Het projectteam bestaat uit ingenieurs van de TU Delft, die samenwerken met clinici van het Erasmus MC en het LUMC. De standaardonderdelen, waaruit het door hen ontworpen beademingsapparaat bestaat, zijn vrijwel overal ter wereld lokaal beschikbaar. Volgens de ontwerpers kunnen honderden fabrikanten het apparaat maken. Dat komt onder meer doordat dezelfde functie op verschillende manieren kan worden uitgevoerd. Als een bepaald onderdeel niet beschikbaar is, kan een fabrikant een alternatief gebruiken.
Klinisch testen
Inmiddels denken fabrikanten en medische technologiebedrijven mee met het team over verdere opschaling.
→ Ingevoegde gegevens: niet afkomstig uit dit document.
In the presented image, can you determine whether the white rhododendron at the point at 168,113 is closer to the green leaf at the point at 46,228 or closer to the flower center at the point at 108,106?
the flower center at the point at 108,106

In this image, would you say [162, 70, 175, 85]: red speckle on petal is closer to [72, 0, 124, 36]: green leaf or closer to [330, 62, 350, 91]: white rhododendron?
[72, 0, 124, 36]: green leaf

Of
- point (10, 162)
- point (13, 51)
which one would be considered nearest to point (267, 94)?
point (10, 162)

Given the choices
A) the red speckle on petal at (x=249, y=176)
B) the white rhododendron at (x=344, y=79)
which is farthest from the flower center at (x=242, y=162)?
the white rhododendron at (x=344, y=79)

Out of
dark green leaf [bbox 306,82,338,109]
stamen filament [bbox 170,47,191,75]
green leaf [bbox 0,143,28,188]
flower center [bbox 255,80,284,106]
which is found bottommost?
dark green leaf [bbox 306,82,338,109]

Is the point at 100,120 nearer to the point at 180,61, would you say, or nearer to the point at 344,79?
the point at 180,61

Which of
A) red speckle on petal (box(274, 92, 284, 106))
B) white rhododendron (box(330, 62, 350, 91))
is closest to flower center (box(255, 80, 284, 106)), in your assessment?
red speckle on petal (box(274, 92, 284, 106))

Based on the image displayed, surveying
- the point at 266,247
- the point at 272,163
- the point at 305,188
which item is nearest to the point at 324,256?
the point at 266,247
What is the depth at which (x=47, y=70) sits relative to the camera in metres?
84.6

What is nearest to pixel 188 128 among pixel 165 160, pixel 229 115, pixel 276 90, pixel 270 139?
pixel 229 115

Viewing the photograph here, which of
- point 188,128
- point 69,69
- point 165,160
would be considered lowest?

Het uiteindelijke ontwerp en de resultaten van uitgebreide veiligheids-, betrouwbaarheid- en duurzaamheidstests worden binnen enkele weken gepubliceerd. Dan kan het prototype overal ter wereld worden gebouwd en klinisch worden getest.
Overkoepelend initiatief
Het project is onderdeel van Air for All, een overkoepelend initiatief van de TU Delft. Ook OperationAIR, waarbij studenten een prototype voor een beademingsapparaat ontwikkelden maakt daar onderdeel van uit.
Mechanisch beademingsapparaat
Een ander opvallend project dat onder dezelfde paraplu valt, haalt inspiratie uit een museumstuk. Een team van ontwerpers leende bij Rijksmuseum Boerhaave een mechanisch beademingsapparaat uit de jaren ’60. Het ontwerp dat ze daarop baseerden is volgens de wetenschappers door leken te bouwen en te repareren. Mogelijk zou dat een uitkomst kunnen zijn voor minder ontwikkelde landen die te kampen hebben met de coronacrisis.